28. CORPORATE GOVERNANCE
Your Company has incorporated the appropriate standards for corporate governance. Pursuant to Regulation 15(2) of SEBI (Listing Obligations and Disclosure Requirements) Regulations, 2015, the Company is filing Corporate Governance Report to stock exchange quarterly. However, as per Regulation 34(3) read with Schedule V of SEBI (Listing Obligations and Disclosure Requirements) Regulations, 2015 company is giving report on corporate governance report in annual report of the company as Annexure - 2 . The requisite certificate from the Auditors of the Company confirming compliance with the conditions of Corporate Governance is attached in the report on Corporate Governance.
29. ENERGY CONSERVATION MEASURES, TECHNOLOGY ABSORPTION AND R & D EFFORTS AND FOREIGN EXCHANGE
EARNINGS AND OUTGO
The particulars required to be included in terms of Section 134(3) (m) of the Companies Act, 2013 with regard to conservation of energy, technology absorption, foreign exchange earnings and outgo are given below:
A. CONSERVATION OF ENERGY
(i) The steps taken or impact on conservation of energy: Nil
(ii) The steps taken by the Company for utilizing alternate sources of energy: NA (iii) The capital investment on energy conservation equipment: NA
B. TECHNOLOGY ABSORPTION
(i) The efforts made towards technology absorption: NA
(ii) The benefits derived like product improvement, cost reduction, product development or import substitution: NA (iii) In case of imported technology (imported during last three years reckoned from the beginning of the financial year): NA
(iv) The expenditure incurred on research & development during the year: NA
C. FOREIGN EXCHANGE EARNING AND OUTGO
The foreign exchange earnings and expenditure of your Company: Nil
30. MANAGEMENT DISCUSSION AND ANALYSIS REPORT
As per Regulation 34 of SEBI (Listing Obligations and Disclosure Requirements), Regulation 2015, the Management Discussion and Analysis Report of the financial condition and results of consolidated operations of the Company under review, is annexed and forms an integral part of director s report is given in Annexure 3.
31. AUDITORS
STATUTORY AUDITORS:
M/s VMRS & Co., Chartered Accountant are Statutory Auditors of the Company, who were re-appointed in 32 nd Annual General Meeting held on August 27, 2024 to hold the office until the conclusion of the 37 th Annual General Meeting.

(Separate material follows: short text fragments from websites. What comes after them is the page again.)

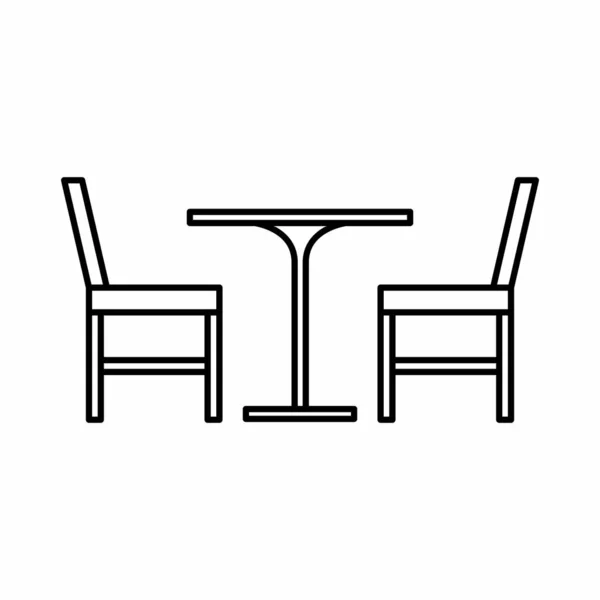 Icône Chaise Table Illustration Vectorielle — Image vectorielle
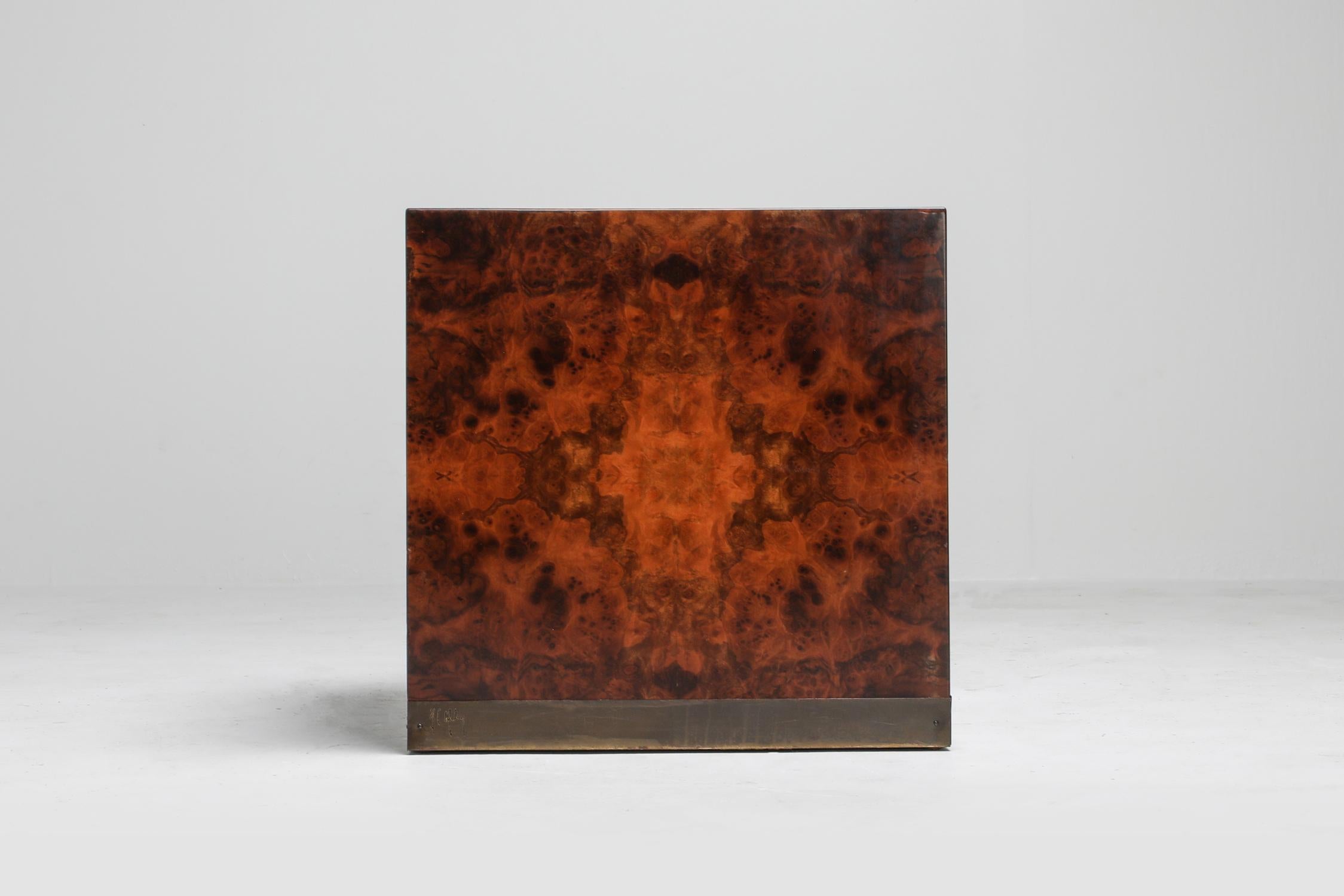 Burl Square Side Tables by Jean Claude Mahey In Good Condition In Antwerp, BE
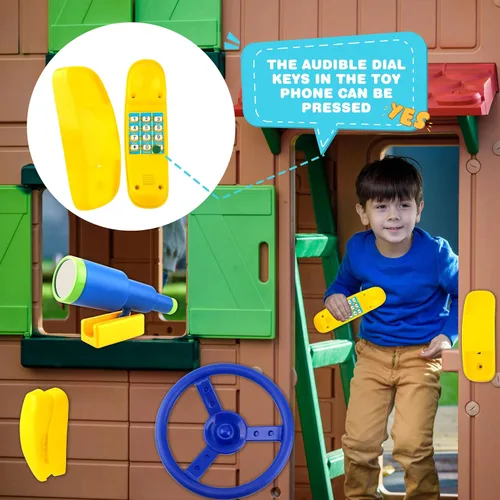 Miniatura 6 de Accesorios para el patio de recreo, Swingset, volante, telescopio de plástico, teléfono Swingset, juguete para niños, patio al aire libre, patio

Thus, no further action is required in this regard.
INTERNAL AUDITOR:
The Board has appointed M/s. Satya Prakash Natani & Co., Chartered Accountants Mumbai as an Internal Auditor for 5 Years from financial year 2024-25 to 2028-29 in the Board meeting held on December 31, 2024 after obtaining his willingness and eligibility letter for appointment as Internal Auditor of the Company. The scope of work and authority of the Internal Auditors is as per the terms of reference approved by Audit Committee.
SECRETERIAL AUDITOR:
Your board has appointed Mr. Ranjit Binod Kejriwal, Practicing Company Secretary, as secretarial Auditor of the company for the financial year 2024-25.
Your board, based on the recommendation of Audit Committee, proposed for the approval of members in this Annual General Meeting, for the appointment Mr. Ranjit Binod Kejriwal, Company Secretary in practice, (FCS: 5985, COP: 6116) and a Peer Reviewed Company Secretary, as the Secretarial Auditor of the company, for performing Secretarial Audit of the company for a period of five consecutive years commencing from April 01, 2025 till March 31, 2030 in accordance with the amendment notified in Regulation 24A by way of SEBI (LODR) (Third Amendment) Regulations, 2024, with effect from April 01, 2025.
The secretarial report for the financial year 2024-25 is attached as Annexure-4 . Report of secretarial auditor is self-explanatory and need not any further clarification.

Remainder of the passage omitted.